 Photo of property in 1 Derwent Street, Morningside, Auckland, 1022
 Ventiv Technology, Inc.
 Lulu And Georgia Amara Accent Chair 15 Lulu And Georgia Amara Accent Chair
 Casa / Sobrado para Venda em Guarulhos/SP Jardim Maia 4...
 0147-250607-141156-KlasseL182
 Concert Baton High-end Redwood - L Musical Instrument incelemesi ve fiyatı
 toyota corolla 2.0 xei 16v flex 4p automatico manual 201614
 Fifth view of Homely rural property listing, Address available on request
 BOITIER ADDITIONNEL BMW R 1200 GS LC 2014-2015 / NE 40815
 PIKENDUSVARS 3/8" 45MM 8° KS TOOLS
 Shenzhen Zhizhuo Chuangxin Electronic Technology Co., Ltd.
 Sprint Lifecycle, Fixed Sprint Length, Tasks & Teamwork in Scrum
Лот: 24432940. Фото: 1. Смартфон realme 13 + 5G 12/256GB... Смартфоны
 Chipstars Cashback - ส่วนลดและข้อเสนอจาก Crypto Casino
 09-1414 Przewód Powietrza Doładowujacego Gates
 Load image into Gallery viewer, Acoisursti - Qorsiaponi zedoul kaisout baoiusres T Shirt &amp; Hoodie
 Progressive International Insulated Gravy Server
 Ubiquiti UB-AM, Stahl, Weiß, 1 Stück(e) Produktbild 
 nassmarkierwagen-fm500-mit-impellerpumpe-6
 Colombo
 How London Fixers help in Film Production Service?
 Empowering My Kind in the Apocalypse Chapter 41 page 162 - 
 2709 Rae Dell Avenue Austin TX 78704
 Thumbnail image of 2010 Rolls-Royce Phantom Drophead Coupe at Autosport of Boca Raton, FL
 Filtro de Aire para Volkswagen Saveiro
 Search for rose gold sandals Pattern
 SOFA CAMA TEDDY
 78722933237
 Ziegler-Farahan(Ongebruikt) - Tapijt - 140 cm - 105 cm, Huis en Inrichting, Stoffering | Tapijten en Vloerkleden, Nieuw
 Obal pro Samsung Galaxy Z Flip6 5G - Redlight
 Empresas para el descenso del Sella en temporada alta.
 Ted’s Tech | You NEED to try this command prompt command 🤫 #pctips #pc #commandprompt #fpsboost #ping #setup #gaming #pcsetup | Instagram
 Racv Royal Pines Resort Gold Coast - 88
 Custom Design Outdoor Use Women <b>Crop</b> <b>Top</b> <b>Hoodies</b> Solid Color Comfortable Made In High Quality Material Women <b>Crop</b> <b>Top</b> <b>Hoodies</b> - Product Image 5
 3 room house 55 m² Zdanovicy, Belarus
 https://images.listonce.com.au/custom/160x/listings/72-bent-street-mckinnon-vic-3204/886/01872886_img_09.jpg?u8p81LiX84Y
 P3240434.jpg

• **Problem to solve**
Find every line of the data that includes the string "para". Copy each of those lines.

• **Finished task**
 Casa / Sobrado para Venda em Guarulhos/SP Jardim Maia 4...
 Filtro de Aire para Volkswagen Saveiro
 Empresas para el descenso del Sella en temporada alta.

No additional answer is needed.